(Work instructions):
Everything from the line with "Рубашка H&M 431863a92 44 Черная" to the end of the data is to be retyped exactly, and nothing else.

============

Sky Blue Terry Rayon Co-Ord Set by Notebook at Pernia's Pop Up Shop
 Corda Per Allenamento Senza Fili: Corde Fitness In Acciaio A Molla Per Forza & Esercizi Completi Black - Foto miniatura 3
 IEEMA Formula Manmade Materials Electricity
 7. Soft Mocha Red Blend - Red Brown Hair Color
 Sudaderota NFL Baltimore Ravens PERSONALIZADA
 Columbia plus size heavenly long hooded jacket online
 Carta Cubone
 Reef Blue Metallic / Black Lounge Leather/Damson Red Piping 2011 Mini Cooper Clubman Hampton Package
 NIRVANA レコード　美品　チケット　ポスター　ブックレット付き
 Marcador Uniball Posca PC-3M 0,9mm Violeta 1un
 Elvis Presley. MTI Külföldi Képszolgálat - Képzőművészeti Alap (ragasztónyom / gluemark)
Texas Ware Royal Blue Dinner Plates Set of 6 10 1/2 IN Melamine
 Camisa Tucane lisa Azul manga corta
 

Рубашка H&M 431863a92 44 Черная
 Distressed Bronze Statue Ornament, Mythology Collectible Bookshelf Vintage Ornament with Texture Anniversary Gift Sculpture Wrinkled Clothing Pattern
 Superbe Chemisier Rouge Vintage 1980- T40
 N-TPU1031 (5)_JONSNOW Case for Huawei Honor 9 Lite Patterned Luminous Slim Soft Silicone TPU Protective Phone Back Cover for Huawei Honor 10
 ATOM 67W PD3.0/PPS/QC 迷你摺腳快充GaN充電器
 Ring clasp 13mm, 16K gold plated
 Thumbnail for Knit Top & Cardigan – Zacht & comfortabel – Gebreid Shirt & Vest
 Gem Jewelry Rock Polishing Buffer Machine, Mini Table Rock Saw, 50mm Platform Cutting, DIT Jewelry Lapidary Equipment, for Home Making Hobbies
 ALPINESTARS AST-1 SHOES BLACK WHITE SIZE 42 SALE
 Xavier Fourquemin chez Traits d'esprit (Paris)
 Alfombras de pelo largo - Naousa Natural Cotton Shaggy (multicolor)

============

(Response area):
Рубашка H&M 431863a92 44 Черная
 Distressed Bronze Statue Ornament, Mythology Collectible Bookshelf Vintage Ornament with Texture Anniversary Gift Sculpture Wrinkled Clothing Pattern
 Superbe Chemisier Rouge Vintage 1980- T40
 N-TPU1031 (5)_JONSNOW Case for Huawei Honor 9 Lite Patterned Luminous Slim Soft Silicone TPU Protective Phone Back Cover for Huawei Honor 10
 ATOM 67W PD3.0/PPS/QC 迷你摺腳快充GaN充電器
 Ring clasp 13mm, 16K gold plated
 Thumbnail for Knit Top & Cardigan – Zacht & comfortabel – Gebreid Shirt & Vest
 Gem Jewelry Rock Polishing Buffer Machine, Mini Table Rock Saw, 50mm Platform Cutting, DIT Jewelry Lapidary Equipment, for Home Making Hobbies
 ALPINESTARS AST-1 SHOES BLACK WHITE SIZE 42 SALE
 Xavier Fourquemin chez Traits d'esprit (Paris)
 Alfombras de pelo largo - Naousa Natural Cotton Shaggy (multicolor)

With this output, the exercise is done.